262 N.W. 105, 220 Iowa 201
CourtSupreme Court of Iowa
DecidedJuly 17, 1935
Docket42861
StatusPublished
Cited by1 cases

This text of 262 N.W. 105 (State v. Landes) is published on Counsel Stack Legal Research, covering Supreme Court of Iowa primary law. Counsel Stack provides free access to over 12 million legal documents including statutes, case law, regulations, and constitutions.

Bluebook
State v. Landes, 262 N.W. 105, 220 Iowa 201 (iowa 1935).

Opinion

Donegan, J.

The defendant, Arthur H. Landes, was charged in a county attorney’s information with the crime of rape upon one Evelyn Conrad, a female child under the age of 16 years. He pleaded not guilty, and upon the trial of the case, after the state had rested, he moved for a directed verdict of acquittal. This motion was sustained by the court, and the state appeals.

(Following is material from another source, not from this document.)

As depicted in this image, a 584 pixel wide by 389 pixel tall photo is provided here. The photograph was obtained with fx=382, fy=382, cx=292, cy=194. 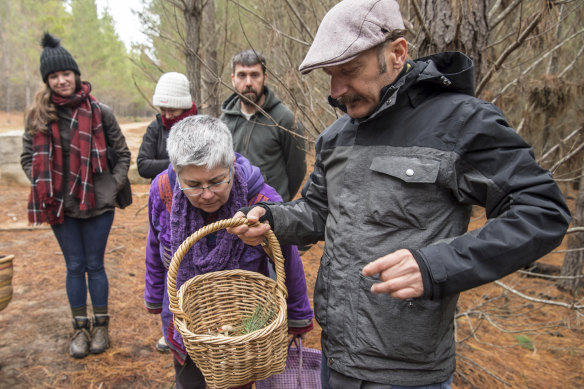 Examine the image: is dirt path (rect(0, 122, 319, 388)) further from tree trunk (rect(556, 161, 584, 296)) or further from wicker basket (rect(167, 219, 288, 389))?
tree trunk (rect(556, 161, 584, 296))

One of the grounds of the appellee’s motion to direct a verdict in his favor was that there was no evidence corroborating the prosecuting witness and tending to connect the defendant with the commission of the crime with which he was charged. Practically all of the briefs and arguments of both appellant and appellee are directed to the question thus raised.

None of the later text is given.